=== Data for the task ===
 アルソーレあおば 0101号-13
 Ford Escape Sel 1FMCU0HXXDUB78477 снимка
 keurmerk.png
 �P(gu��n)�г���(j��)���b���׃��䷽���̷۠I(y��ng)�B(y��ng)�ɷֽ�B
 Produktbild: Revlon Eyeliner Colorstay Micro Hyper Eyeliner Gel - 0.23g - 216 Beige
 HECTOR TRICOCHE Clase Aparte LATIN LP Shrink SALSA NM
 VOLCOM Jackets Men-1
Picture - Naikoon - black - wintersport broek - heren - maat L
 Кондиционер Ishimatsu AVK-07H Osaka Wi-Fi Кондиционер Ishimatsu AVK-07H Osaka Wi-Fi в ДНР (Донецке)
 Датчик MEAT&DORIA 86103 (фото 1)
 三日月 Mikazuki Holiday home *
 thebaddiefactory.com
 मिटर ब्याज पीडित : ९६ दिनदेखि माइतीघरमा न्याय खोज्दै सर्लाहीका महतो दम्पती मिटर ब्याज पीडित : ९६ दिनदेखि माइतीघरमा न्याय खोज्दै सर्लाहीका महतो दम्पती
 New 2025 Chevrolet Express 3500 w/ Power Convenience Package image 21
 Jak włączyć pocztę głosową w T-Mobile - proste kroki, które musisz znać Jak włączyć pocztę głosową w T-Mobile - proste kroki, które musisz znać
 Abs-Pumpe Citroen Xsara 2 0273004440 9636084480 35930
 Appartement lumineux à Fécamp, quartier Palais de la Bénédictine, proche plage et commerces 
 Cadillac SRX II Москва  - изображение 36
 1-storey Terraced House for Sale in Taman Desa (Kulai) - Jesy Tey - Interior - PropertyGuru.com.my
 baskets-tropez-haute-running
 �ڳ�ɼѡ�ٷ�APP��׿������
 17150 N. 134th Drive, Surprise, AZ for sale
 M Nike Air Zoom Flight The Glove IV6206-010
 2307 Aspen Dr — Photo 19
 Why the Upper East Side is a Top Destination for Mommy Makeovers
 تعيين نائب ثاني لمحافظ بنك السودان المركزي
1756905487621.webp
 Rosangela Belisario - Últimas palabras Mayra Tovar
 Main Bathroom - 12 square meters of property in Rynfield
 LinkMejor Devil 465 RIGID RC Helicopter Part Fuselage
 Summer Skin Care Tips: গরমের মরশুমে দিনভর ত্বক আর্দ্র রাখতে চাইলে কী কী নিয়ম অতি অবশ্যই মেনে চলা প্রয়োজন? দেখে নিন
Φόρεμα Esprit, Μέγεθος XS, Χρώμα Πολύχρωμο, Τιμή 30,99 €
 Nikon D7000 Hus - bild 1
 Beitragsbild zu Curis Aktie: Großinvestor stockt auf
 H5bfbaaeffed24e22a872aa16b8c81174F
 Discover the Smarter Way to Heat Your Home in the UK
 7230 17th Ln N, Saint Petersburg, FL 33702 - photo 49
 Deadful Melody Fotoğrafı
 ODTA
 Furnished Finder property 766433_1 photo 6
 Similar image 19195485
===
## Exercise aim:
Report every line above that has the string "image" in it.

## Your response:
 New 2025 Chevrolet Express 3500 w/ Power Convenience Package image 21
 Similar image 19195485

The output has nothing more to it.